Chlorine: Most municipal water supplies are currently treated with either chlorine or chloramines to sterilize the water for drinking. If you are unsure about your local water, contact your supplier. While not harmful to humans or pets, these chemicals are highly toxic to aquatic plants and animals. Luckily, they are easy to remove. Chlorine will simply dissipate into the atmosphere from a newly filled pond (no plants or animals) if allowed to stand for at least 24-36 hours. Chloramines are more complex chemicals and should be removed with one of the inexpensive commercially available treatments. One must remember to treat with dechlorinator when topping off or changing pond water. Many of these conditioners contain added ingredients to help stabilize water chemistry and eliminate contaminants such as heavy metals. It is wise to always utilize one of these products. Test kits for chlorine are inexpensive and are available at all pet shops and pool centers.

pH: The pH is the degree of acidity or alkalinity in your water, and should be checked occasionally. The pH of municipal water supplies may fluctuate due to the periodic addition of buffer solutions. For healthy fish and plants, however, pH should never fluctuae drastically in any pond. The pond itself should be in the range of 6.5 to 7.5, though many fish and plants will tolerate some deviation from this range. After a pond becomes established it will normally fall somewhere in this optimum pH range, but it is not a good idea to test the limits. Extremely acidic water can bee countered through the addition of pure household baking soda (start with one teaspoon per 500 gallons). Extremely alkaline waters can be treated with the addition of household white vinegar (start with 1/4 cup per 500 gallons). Allow at least 12 hours between additions and recheck the pH. pH test kits are also inexpensive and available at most pet stores. Make sure you purchase a wide range kit.
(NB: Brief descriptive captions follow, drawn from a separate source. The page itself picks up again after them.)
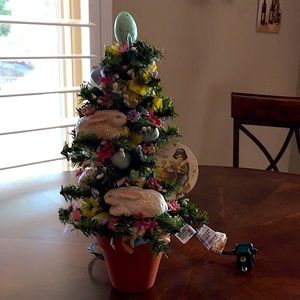 Easter Tree🐣🐇Lights Up🐣🐇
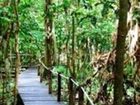 фото отеля Tungog Rainforest Eco Camp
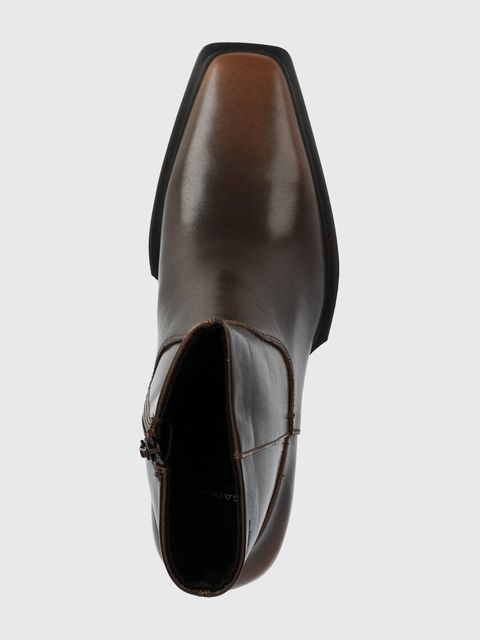 Vagabond Shoemakers botki skórzane ALINA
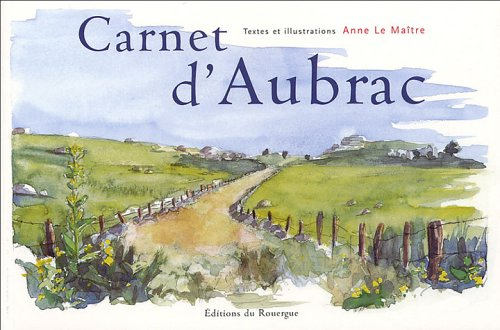 Carnet d'Aubrac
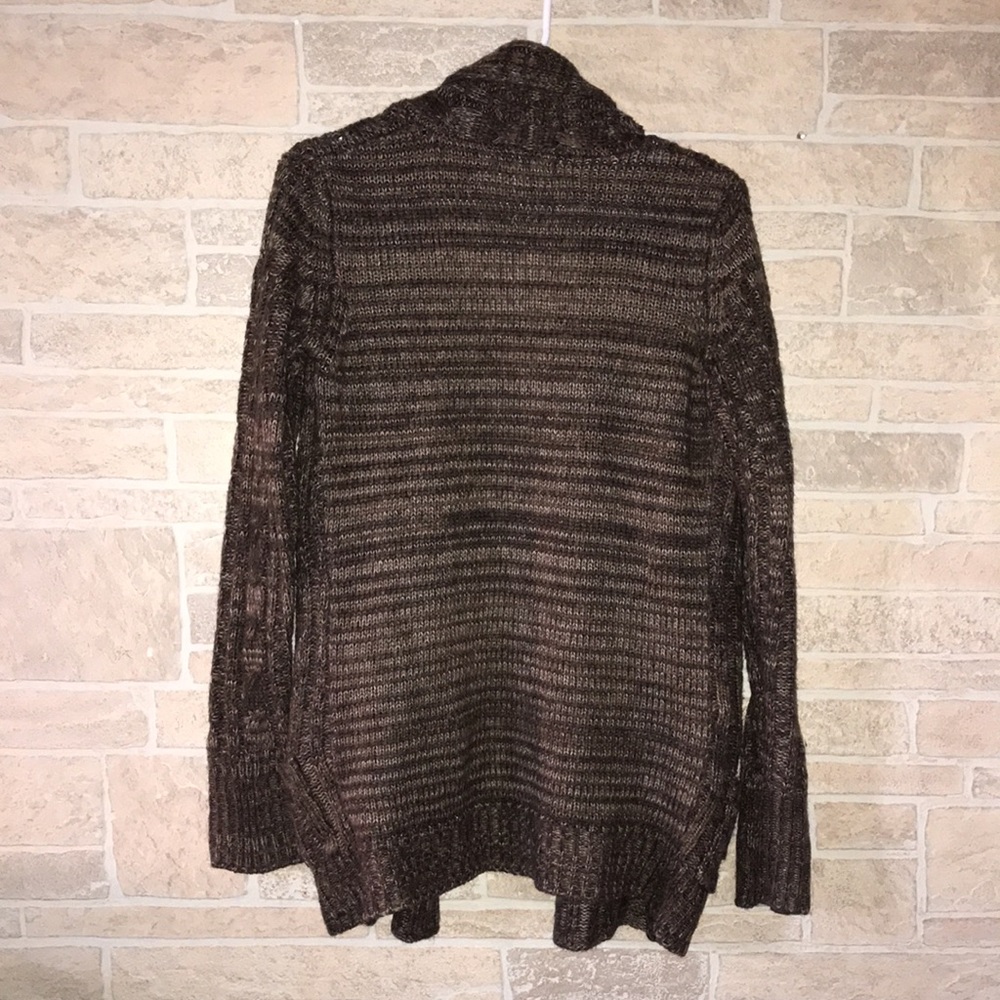 ✅Maurices Open Cable Knit Cardigan - Picture 5 of 7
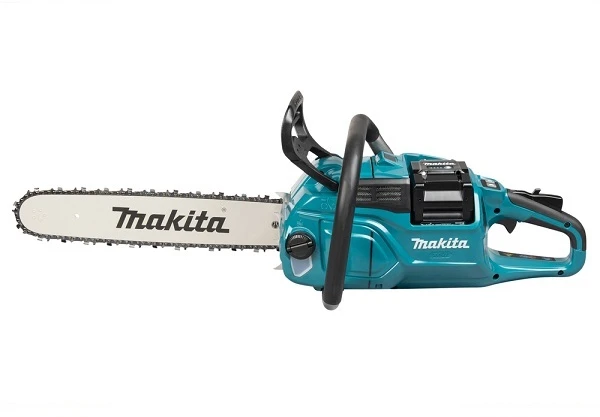 Grandininis pjūklas akumuliatorinė pilarka grandininis 40cm, 40V max XGT, Makita [UC030GZ01] + Dovana rękawice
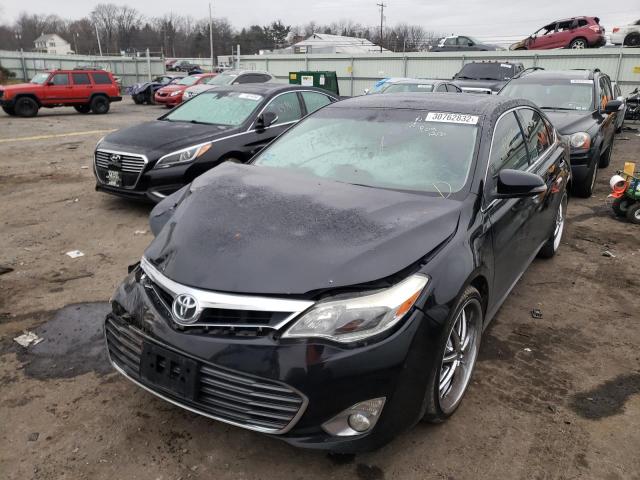 Photo 2 from auction – 2013 TOYOTA AVALON with VIN 4T1BK1EB6DU052181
Temperature: The temperature of your pond is often in the hands of Mother Nature. An inexpensive floating thermometer intended for aquarium use will suffice. It will also be useful for determining when fish will begin to show reduced activity and food requirements in the fall, as well as begin to feed in the spring. Water temperature will also dictate times for the addition of certain types of aquatic plants. During the hottest days of summer, high temperature may alert the pond keeper of the need for supplemental aeration.

Here is a list of significant temperature changes (degrees F)

<45 Most hardy plants will die back for winter. Dead leaves should be removed. Fish will remain listless and should not be fed again until the spring warm-up. Over-wintering plants should be moved to deeper water to avoid freezing (approx. 18 inches). Remove as many falling leaves and accumulated leaves from bottom of pond as possible. Winterize filters and move pumps to center of pond, but leave them on for circulation and de-icing.

<60 Move tropical plants indoors for over-wintering. With first frost many floating and submerged plants will begin to die back. Discard them before they decompose.

>45 Hardy plants can be moved to shallower water for new growth. Fish will be begin to feed and exhibit spawning behavior. A partial water change is recommended. Plants may need to be divided and fertilized. Filters, pumps, etc. should be reconnected and started.

>95 Oxygen levels in pond prone to severe depletion. Many hardy lilies will cease to bloom. Green water algae may take over pond. It may be wise to reduce or halt feeding of plants and fish until water temperatures drop back into the 80s to ease the bio-load. Do not worry about starving your fish or plants, they can go indefinitely without supplemental feedings.

Although there are other water quality parameters that can, and sometimes should, be monitored, the above parameters offer an excellent starting point. For example, if you are going to keep high densities of large koi, the ammonia and nitrite levels should be monitored to ensure that the biological filter is functioning properly.

As mentioned earlier, a garden pond can be an exciting project if some basic guidelines of construction and maintenance are followed. There are many ways to cope with the most common problems faced while building a new pond; what works in one case will not necessarily work in another.